Index A maintained data structure that lets queries read a subset of a collection without a full scan. In Materialize, indexes are always backed by an arrangement on a specific cluster — creating an index commits compute and memory to that cluster.

Materialized view A query whose result is incrementally maintained by a dataflow as inputs change. The user writes a SQL query once; Materialize keeps the answer continuously up-to-date.

Peek Materialize’s internal term for a read query against a materialized view or indexed table — the differential-dataflow operation that turns “give me the current value of this query” into bytes. Latency metrics like v2_mz_compute_replica_peek_duration_seconds_* describe peek latency, which is what users perceive as query latency. There is no metric named “query latency” — look for peek.

Replica (Materialize) A unit of compute capacity inside a Materialize cluster, sized in workers. Multiple replicas in one cluster provide redundancy. Not a Kubernetes replica — though under the hood each Materialize replica is implemented as one or more Kubernetes pods.

s2 / mz_catalog_server The Materialize system cluster that runs internal catalog and introspection workloads. It dominates many environment-scoped panels (peek counts, arrangement maintenance, hydration) because it’s continuously busy maintaining the catalog. Its noise floor is business-as-usual, not an anomaly — flagged here because confusing s2 activity for user activity is a common false positive.

Sink A streaming write from Materialize to an external system — Kafka, Iceberg, Postgres, MySQL. Sinks have throughput, lag, and (for transactional sinks like Iceberg) commit-latency metrics.

Source A streaming read into Materialize from an external system — Kafka, Postgres CDC, MySQL CDC, webhooks. Some source types (Postgres, MySQL) fan out into multiple subsources, one per replicated table.

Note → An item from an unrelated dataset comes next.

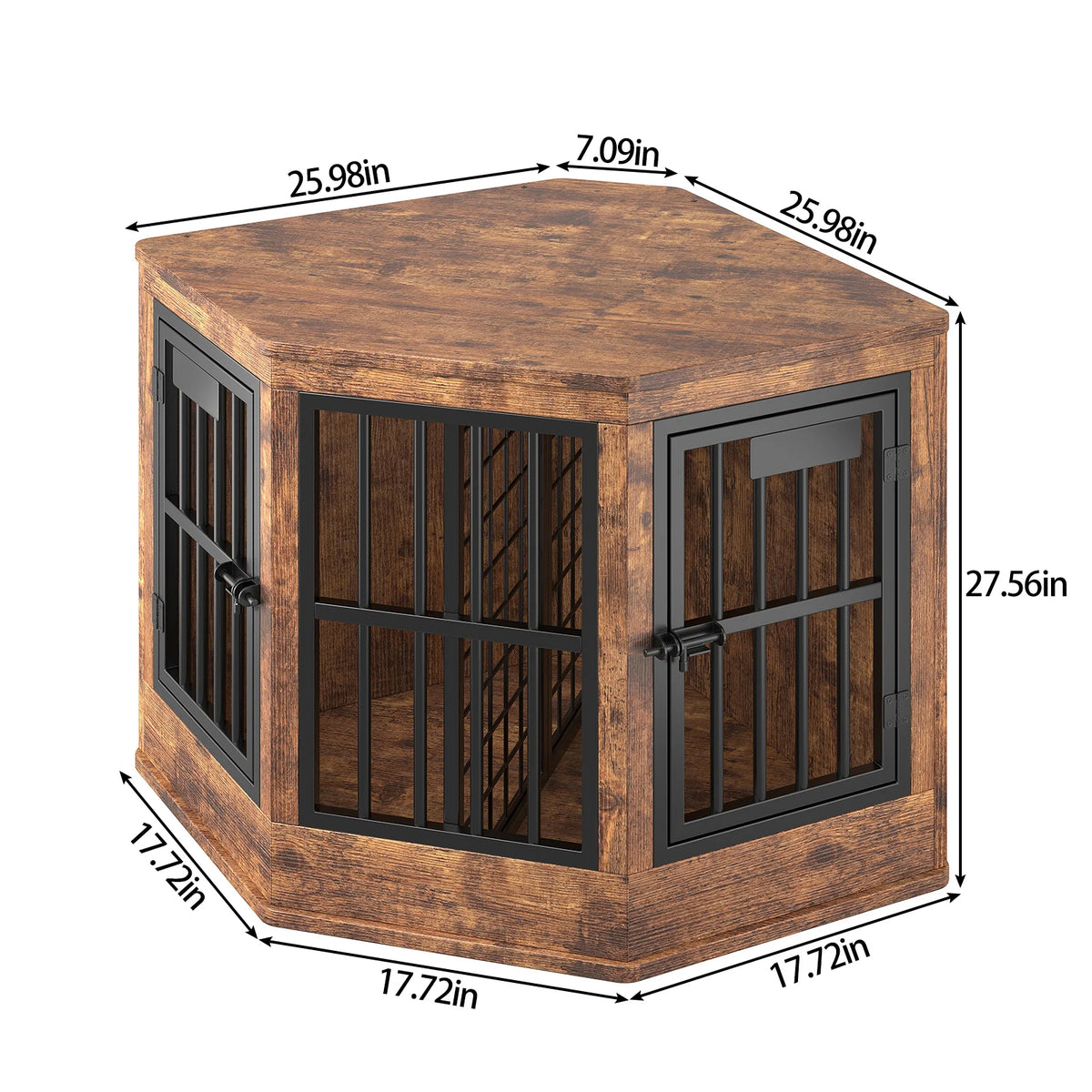 Modern Wooden Corner Dog Crate Furniture With Decorative Pet House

Subsource A child of a multi-table source — e.g., the per-table replication streams of a Postgres source. Important wrinkle: the source_id label on mz_source_bytes_received is actually the subsource id; the parent id lives in parent_source_id. Aggregate by parent_source_id to get per-primary-source rates.

Worker A single thread of execution inside a clusterd replica. Replica size determines worker count. Per-worker metrics can surface skew or hot-spot issues but multiply cardinality, so dashboards typically aggregate to the cluster or replica level by default; per-worker breakdowns exist where the panel’s whole point is detecting drift.